━━ INFORMATION GIVEN
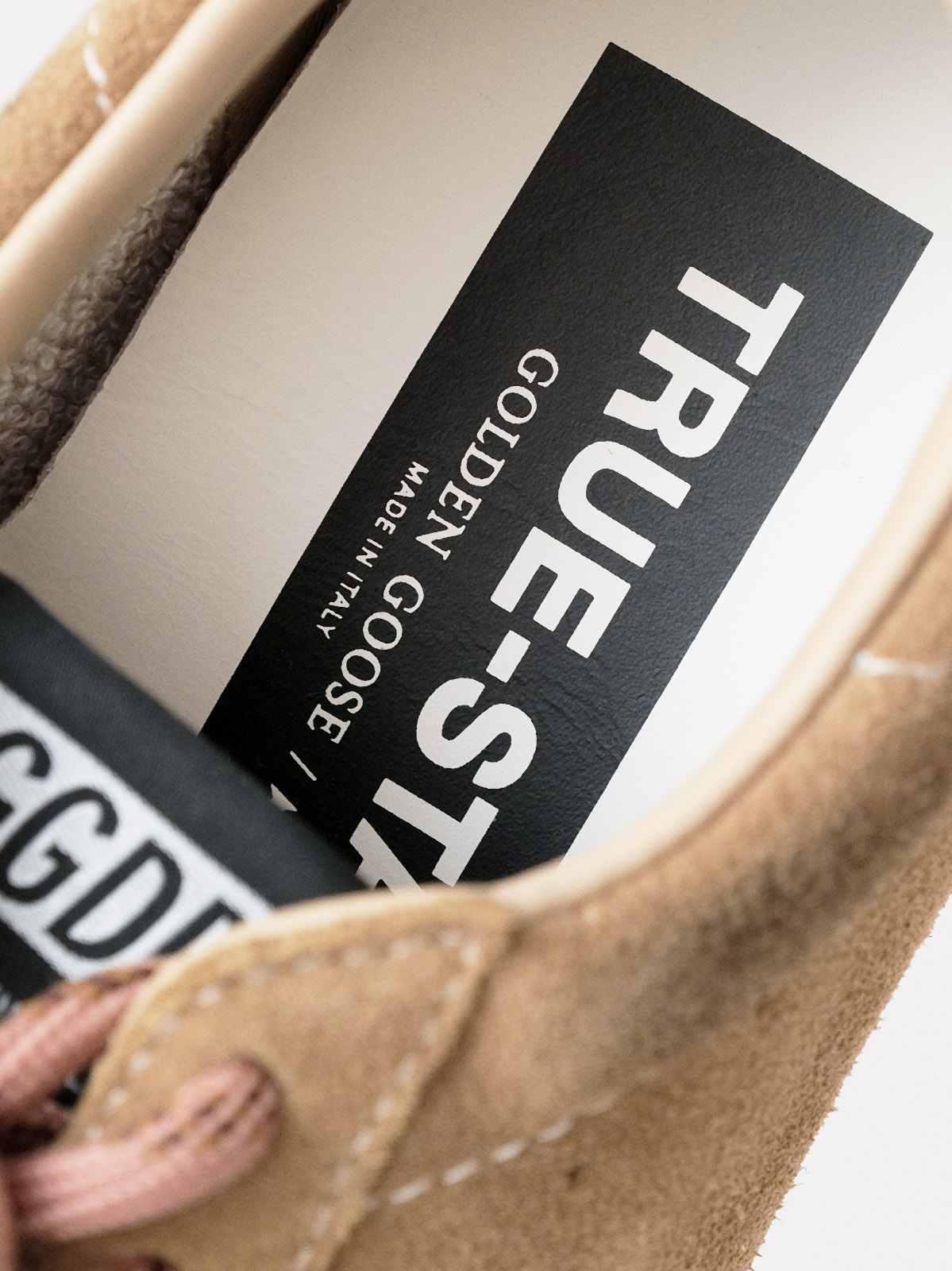 Golden Goose Thin soled shoes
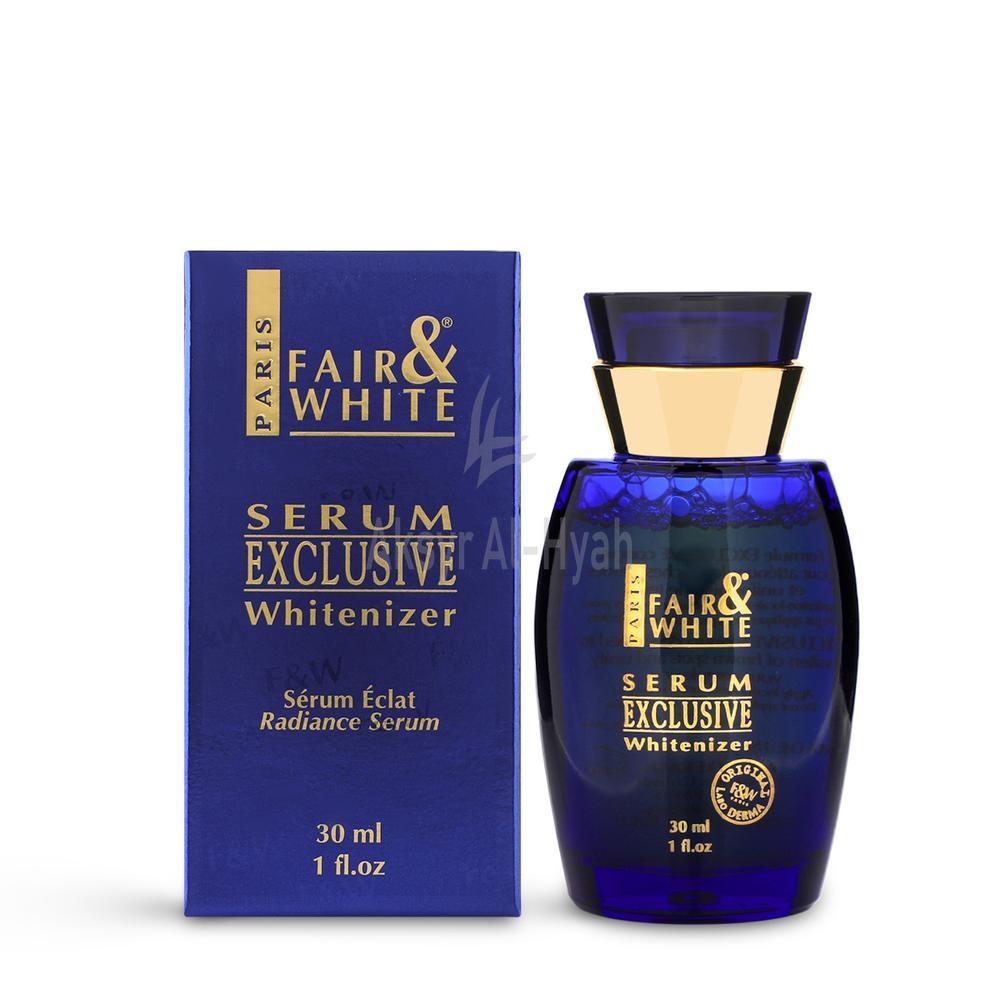 F&W EXCLUSIVE WHITENIZER SERUM 30ML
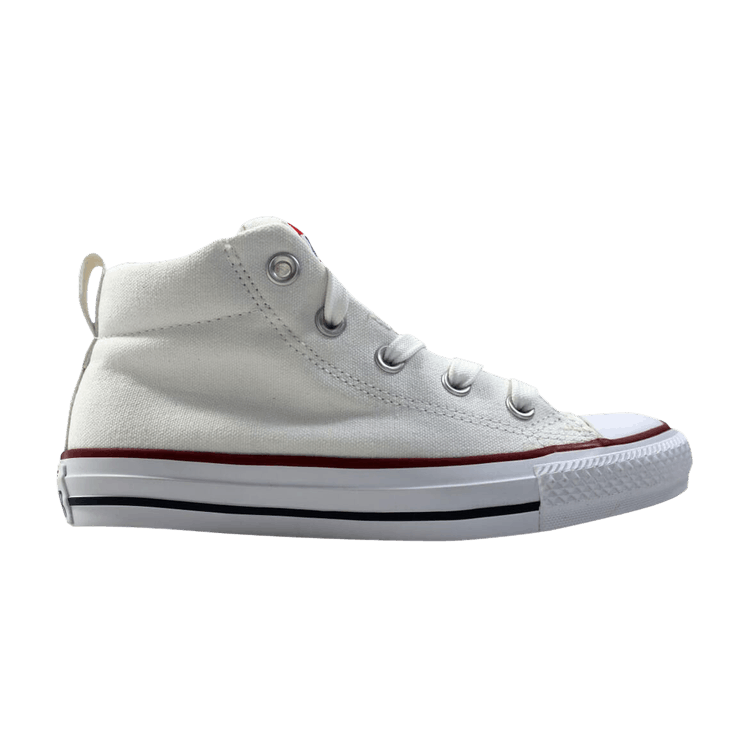 Chuck Taylor All Star Street Mid 'White Natural'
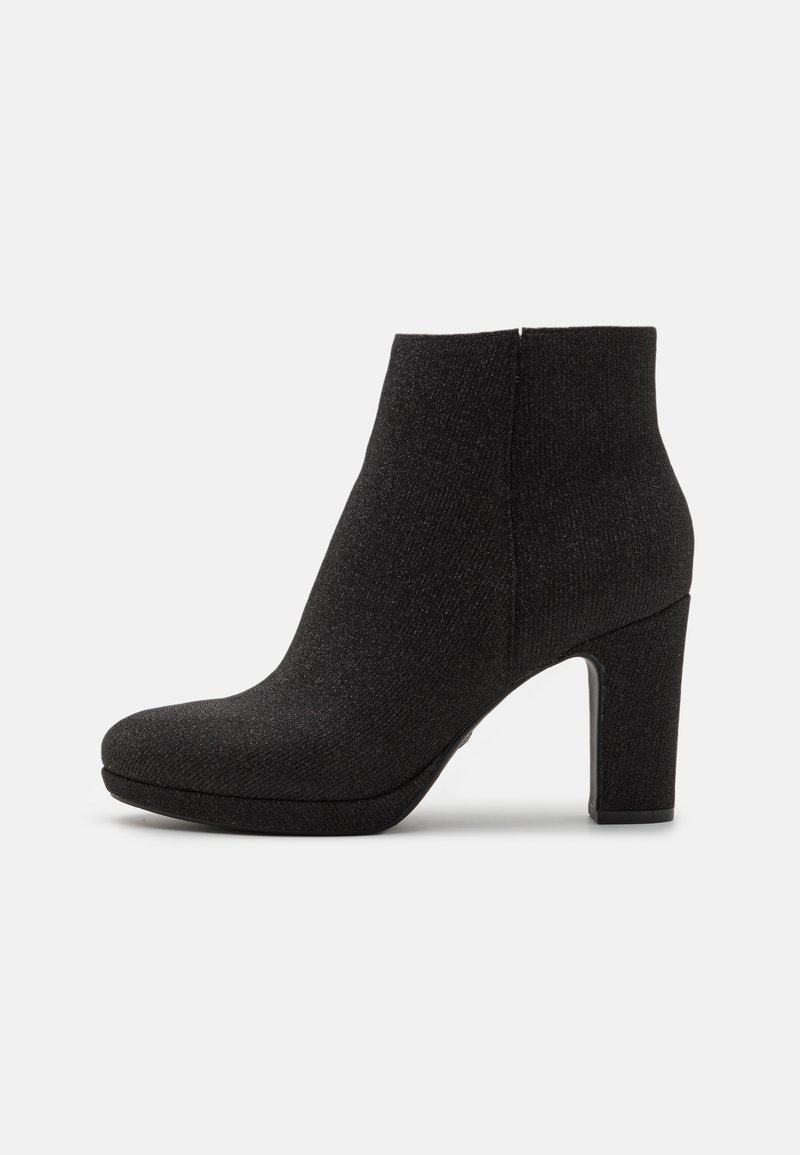 Tamaris Botines de tacón - black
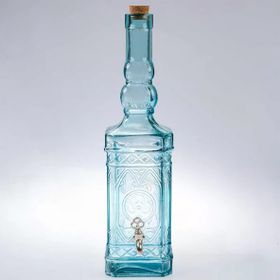 San Miguel 5031G 3.5 L Musluklu Köşeli Yağ Şişesi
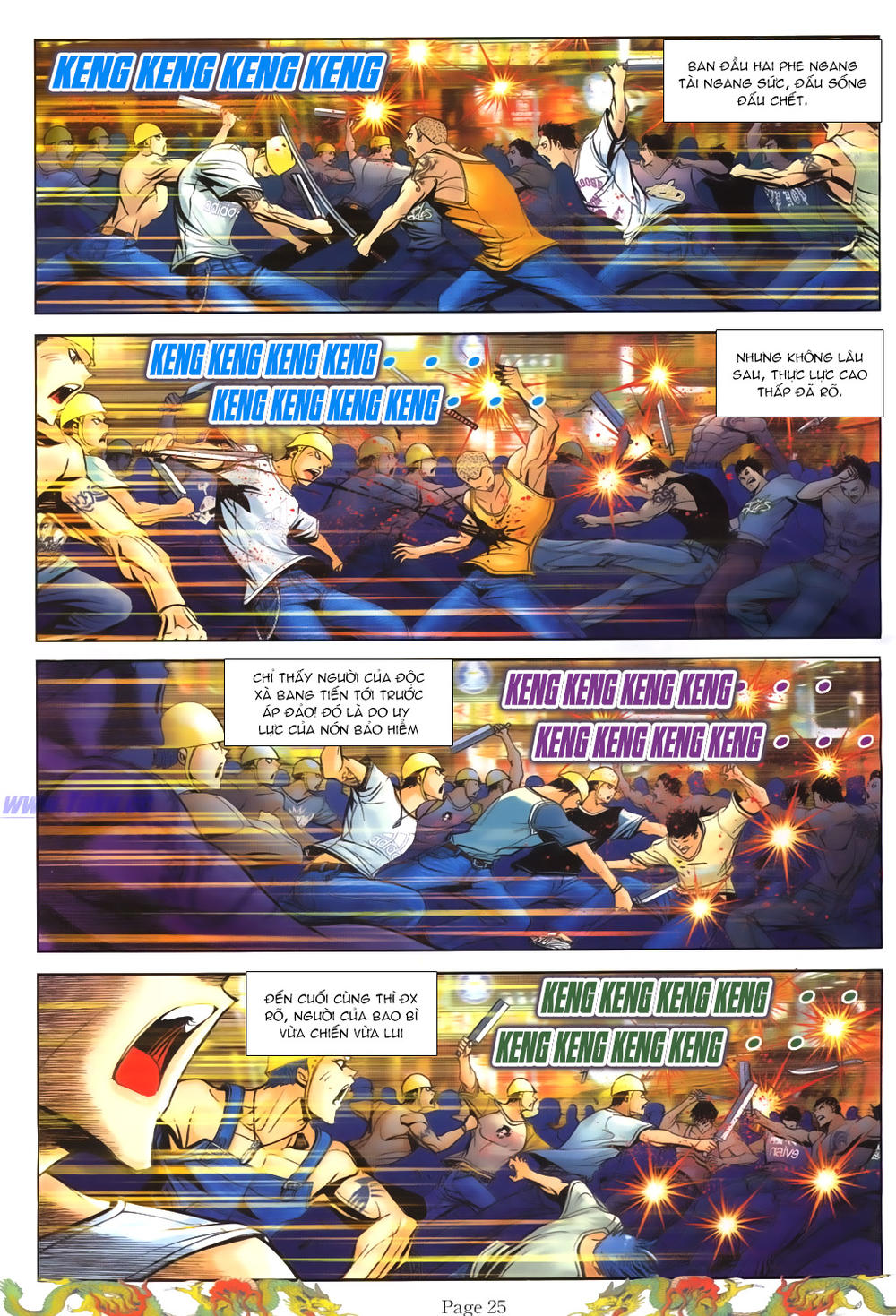 Người Trong Giang Hồ Chapter 778 - 18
━━━━
ASSIGNMENT:
All lines from the one containing "San Miguel 5031G" through the end of the data are to be written out exactly, with nothing added; skip the pictures.

EXERCISE RESPONSE:
 San Miguel 5031G 3.5 L Musluklu Köşeli Yağ Şişesi
 Người Trong Giang Hồ Chapter 778 - 18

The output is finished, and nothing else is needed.